Anggur di Indonesia Tidak Enak untuk Wine?

Kendati Indonesia memiliki tanaman anggur tetapi tidak menghasilkan cita rasa wine optimal seperti di Eropa.

Anggur di Indonesia tumbuh di wilayah beriklim tropis. Sementara wine lebih cocok menggunakan anggur yang ditanam pada iklim subtropik. Perbedaan iklim ini sangat memengaruhi kandungan gula pada anggur yang dibutuhkan dalam fermentasi wine.

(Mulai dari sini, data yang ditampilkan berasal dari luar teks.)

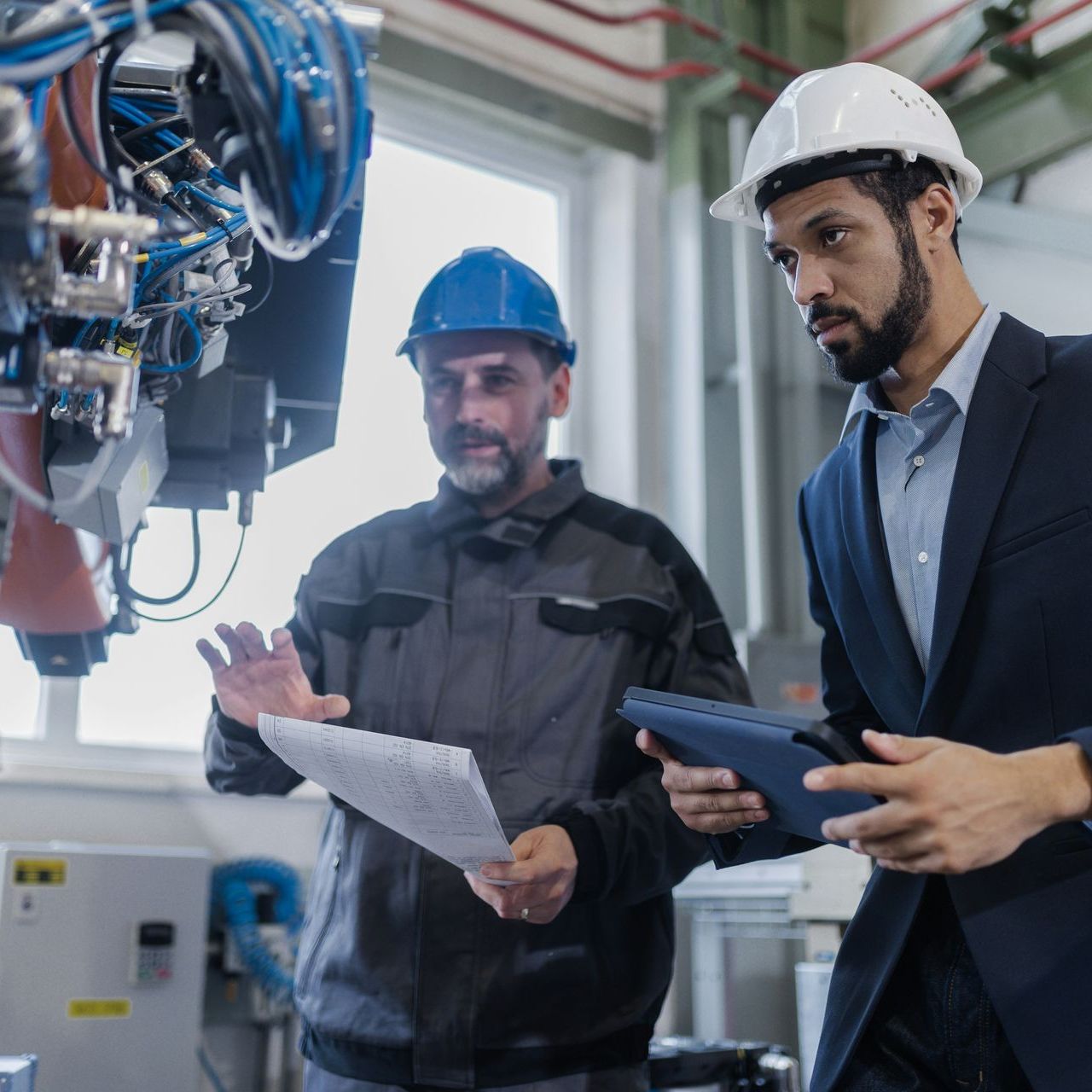 Two men in a factory examining blueprints and a tablet near machinery; one wears a suit, and the other a work uniform.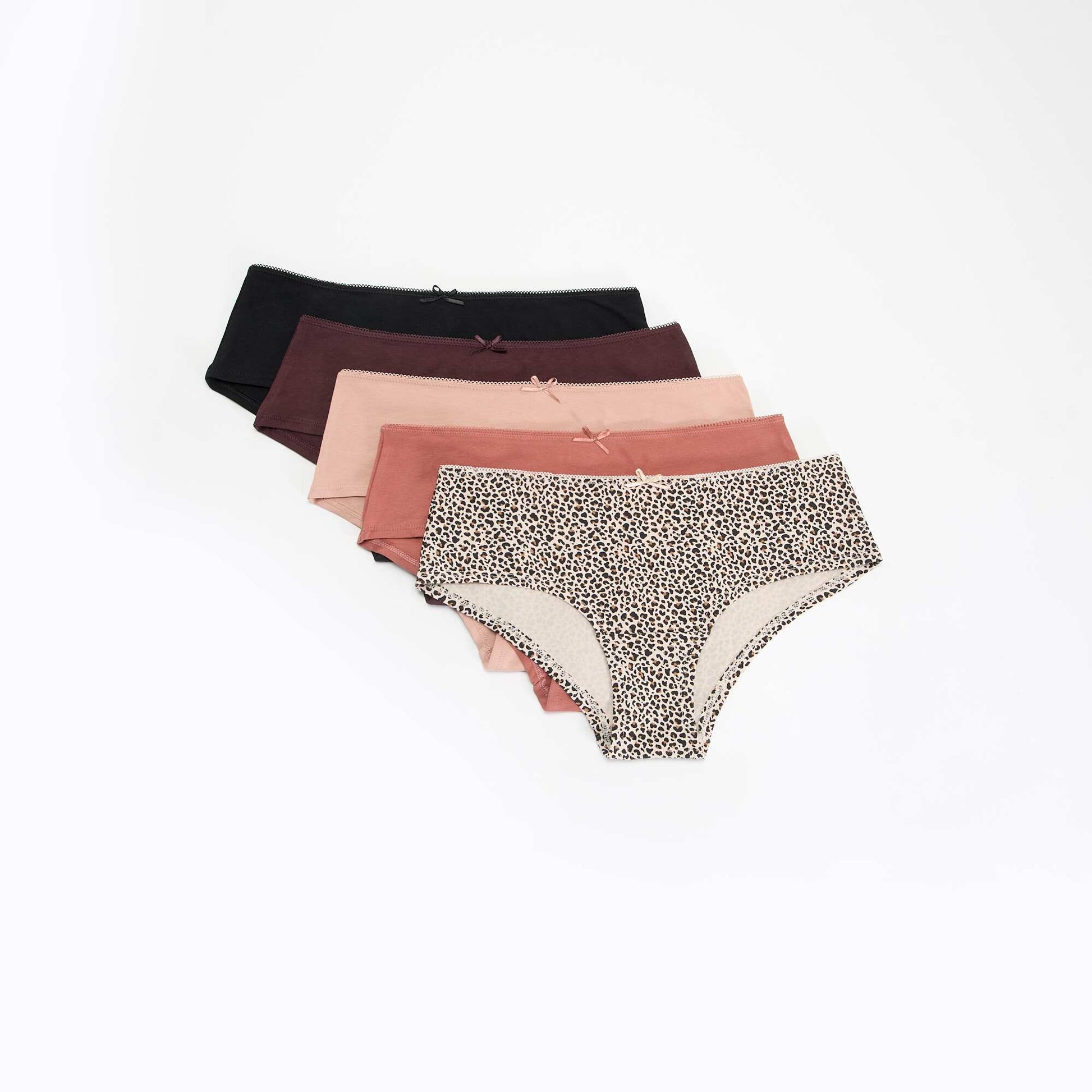 Pack of 5 Printed Shorties BEIGE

Advisor Indonesia Sommelier Association Alexander H. Effendie menjelaskan, anggur untuk bahan baku wine memerlukan paparan sinar matahari yang cukup. Kemudian saat pembuahan memerlukan perubahan suhu udara yang drastis. Iklim khas subtropik ini mendukung pertumbuhan anggur yang menghasilkan kadar gula optimal.

“Kalau kebanyakan hujan kadar gula anggur drop. Walaupun hujan hanya 2-3 hari,” katanya usai pembukaan Food Festival, Jakarta Fashion and Food Festival 2018 di Jakarta, Jumat (6/4/2018).

Kandungan gula anggur yang sedikit tidak menghasilkan alkohol yang cukup untuk wine. Selain itu, rasa wine kurang manis dan terlalu asam.

Kendati anggur di Indonesia kurang cocok untuk dijadikan wine bukan berarti tidak ada wine produksi lokal. Ada dua merek wine dalam negeri yang diproduksi di Bali, yakni Hatten dan Sababay. Namun, wine lokal ini tetap sulit bersaing dengan wine produksi Eropa maupun AS. Selain faktor iklim, biaya produksi wine di Indonesia masih sangat tinggi.

Laki-laki yang disapa Alex ini memberi gambaran harga wine paling murah (tanpa botol) di Chile yang hanya 40 cent (Rp7.000) per liter. Sementara satu liter wine membutuhkan 1,5 kg anggur.

“Di sini 1 kg anggur saja enggak dapat Rp5.000,” sambungnya

Terlebih perizinan produksi minuman alkohol hanya dibolehkan di Bali. Pemerintah Daerah Bali memang mendukung usaha minuman alkohol mengingat daerahnya mengandalkan pemasukan dari pariwisata. Memang jelas jika wine produksi Indonesia juga sulit bersaing dengan berbagai kendala.

“Jadi, enggak ada solusi,” pungkasnya.